Danielle Allen

Where and when

SUMMARY: The focus of this colloquium will be citizenship, trust-building among citizens, and political friendship. “Don’t talk to strangers” is the advice long given to children by parents of all classes and races. Today it has blossomed into a fundamental precept of civic education, reflecting interracial distrust, personal and political alienation, and a profound suspicion of others. We will consider both the sources of interpersonal
distrust within our polity, the consequence of such distrust for citizenship, and modes of citizenship, in particular habits of political friendship, that might lead to healthier democratic practice.

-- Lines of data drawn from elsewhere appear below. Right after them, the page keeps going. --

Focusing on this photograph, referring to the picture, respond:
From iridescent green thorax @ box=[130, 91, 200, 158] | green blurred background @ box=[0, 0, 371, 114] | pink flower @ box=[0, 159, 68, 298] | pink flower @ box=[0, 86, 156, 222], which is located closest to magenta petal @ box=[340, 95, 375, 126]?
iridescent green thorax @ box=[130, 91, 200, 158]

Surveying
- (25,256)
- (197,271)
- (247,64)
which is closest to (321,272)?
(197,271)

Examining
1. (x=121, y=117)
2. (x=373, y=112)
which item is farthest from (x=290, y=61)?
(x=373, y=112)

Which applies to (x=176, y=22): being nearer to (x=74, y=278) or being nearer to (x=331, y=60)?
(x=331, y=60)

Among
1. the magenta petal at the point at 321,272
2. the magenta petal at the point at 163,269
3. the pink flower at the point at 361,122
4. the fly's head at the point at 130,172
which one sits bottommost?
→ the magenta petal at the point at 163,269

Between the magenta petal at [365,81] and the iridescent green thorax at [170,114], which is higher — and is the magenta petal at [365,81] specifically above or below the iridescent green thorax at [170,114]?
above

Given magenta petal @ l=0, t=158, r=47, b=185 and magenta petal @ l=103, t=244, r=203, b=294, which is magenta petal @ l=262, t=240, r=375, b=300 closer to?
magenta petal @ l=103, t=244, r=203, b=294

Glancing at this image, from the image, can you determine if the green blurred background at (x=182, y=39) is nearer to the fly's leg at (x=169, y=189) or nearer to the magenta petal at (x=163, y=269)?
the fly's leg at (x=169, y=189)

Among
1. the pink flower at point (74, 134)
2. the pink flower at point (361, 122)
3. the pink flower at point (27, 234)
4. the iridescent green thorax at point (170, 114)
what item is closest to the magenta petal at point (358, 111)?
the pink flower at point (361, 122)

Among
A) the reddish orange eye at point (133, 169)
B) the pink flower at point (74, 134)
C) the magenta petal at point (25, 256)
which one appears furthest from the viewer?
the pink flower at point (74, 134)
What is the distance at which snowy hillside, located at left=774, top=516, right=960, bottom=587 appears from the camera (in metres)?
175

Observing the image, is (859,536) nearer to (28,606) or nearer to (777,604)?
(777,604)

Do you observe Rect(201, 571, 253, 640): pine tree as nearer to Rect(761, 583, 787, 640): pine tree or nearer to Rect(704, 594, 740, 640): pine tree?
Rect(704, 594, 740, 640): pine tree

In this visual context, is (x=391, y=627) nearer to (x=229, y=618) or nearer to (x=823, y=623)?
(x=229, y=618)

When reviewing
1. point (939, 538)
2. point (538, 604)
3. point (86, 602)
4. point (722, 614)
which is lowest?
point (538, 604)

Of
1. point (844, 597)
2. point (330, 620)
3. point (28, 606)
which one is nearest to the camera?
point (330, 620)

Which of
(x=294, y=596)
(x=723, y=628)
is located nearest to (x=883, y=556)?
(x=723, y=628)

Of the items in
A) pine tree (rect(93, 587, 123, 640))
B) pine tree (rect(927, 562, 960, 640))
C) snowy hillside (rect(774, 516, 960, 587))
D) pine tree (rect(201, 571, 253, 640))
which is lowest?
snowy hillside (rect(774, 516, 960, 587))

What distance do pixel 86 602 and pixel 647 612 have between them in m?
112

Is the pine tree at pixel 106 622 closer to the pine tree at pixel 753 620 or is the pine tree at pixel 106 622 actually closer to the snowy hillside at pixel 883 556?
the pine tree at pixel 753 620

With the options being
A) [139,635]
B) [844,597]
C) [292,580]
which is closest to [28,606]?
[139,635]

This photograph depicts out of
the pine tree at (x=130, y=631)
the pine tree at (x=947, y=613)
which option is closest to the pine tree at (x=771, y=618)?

Danielle Allen is the Dean of the Division of the Humanities and Professor in the Department of Classical Languages and Literatures, Department of Politics, as well as the Committee on Social Thought, at the University of Chicago. A 1993 Princeton graduate in classics, she is a 2001 recipient of a MacArthur Foundation Fellowship.

Her intellectual scope spans the fields of the classics, philosophy and political theory. Allen’s work contributes new perspectives to discussions of race and politics that go beyond the confines of traditional and canonical scholarship.

Allen has earned two Ph.Ds from Harvard University and the University of Cambridge. In addition to Talking to Strangers, she is the author of The World of Prometheus: The Politics of Punishing in Democratic Athens.